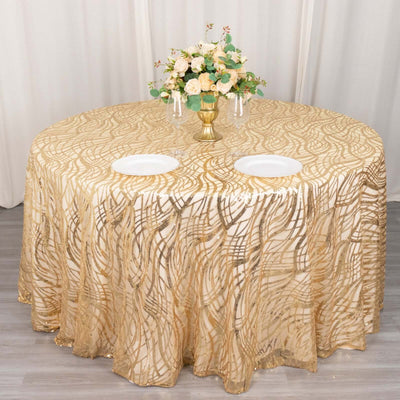Gold patterned tablecloth with elegant floral centerpiece on a round table.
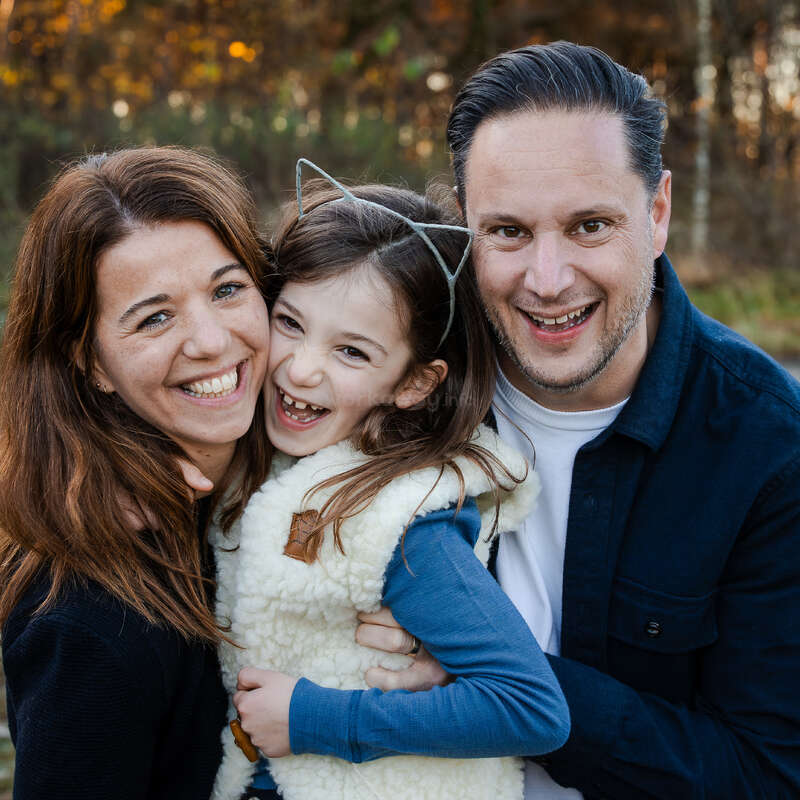 Eine glückliche dreiköpfige Familie posiert lächelnd und lachend im Freien. Das junge Mädchen trägt ein Stirnband mit Katzenohren und wird von ihren lächelnden Eltern in der Herbstlandschaft umarmt.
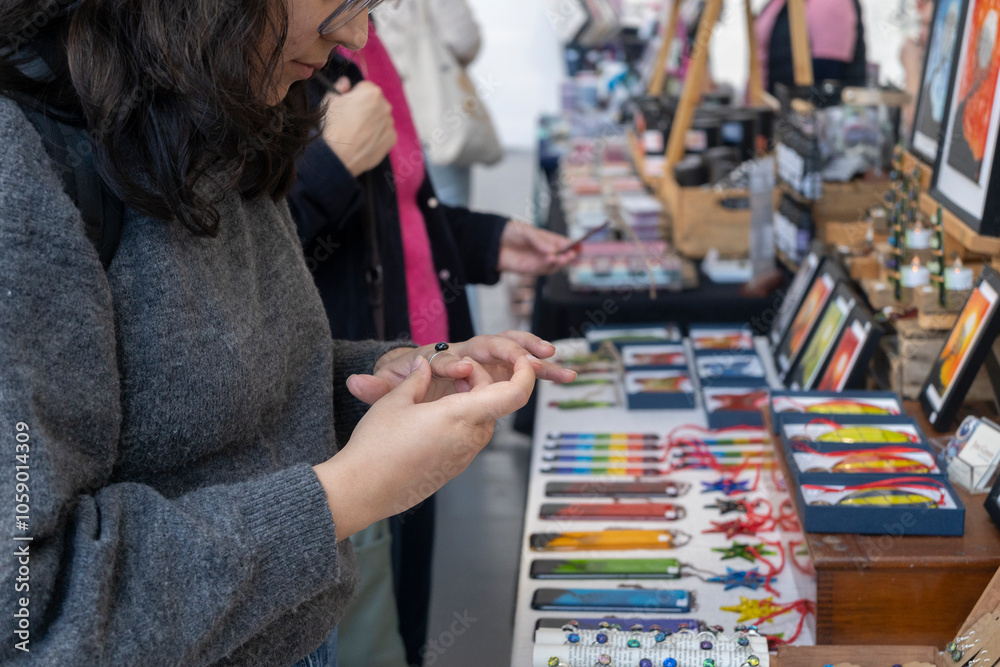 Woman in a gray knit sweater examines items at a bustling craft market. Handmade goods fill the tables in front of her, with other shoppers in the softly blurred background. Woman in a gray knit sweater examines items at a bustling craft market. Handmade goods fill the tables in front of her, with other shoppers in the softly blurred background.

_Assignment:_ Leave the pictures out and transcribe the remaining material exactly.

_Task solution:_
Gold patterned tablecloth with elegant floral centerpiece on a round table.
 Eine glückliche dreiköpfige Familie posiert lächelnd und lachend im Freien. Das junge Mädchen trägt ein Stirnband mit Katzenohren und wird von ihren lächelnden Eltern in der Herbstlandschaft umarmt.
 Woman in a gray knit sweater examines items at a bustling craft market. Handmade goods fill the tables in front of her, with other shoppers in the softly blurred background. Woman in a gray knit sweater examines items at a bustling craft market. Handmade goods fill the tables in front of her, with other shoppers in the softly blurred background.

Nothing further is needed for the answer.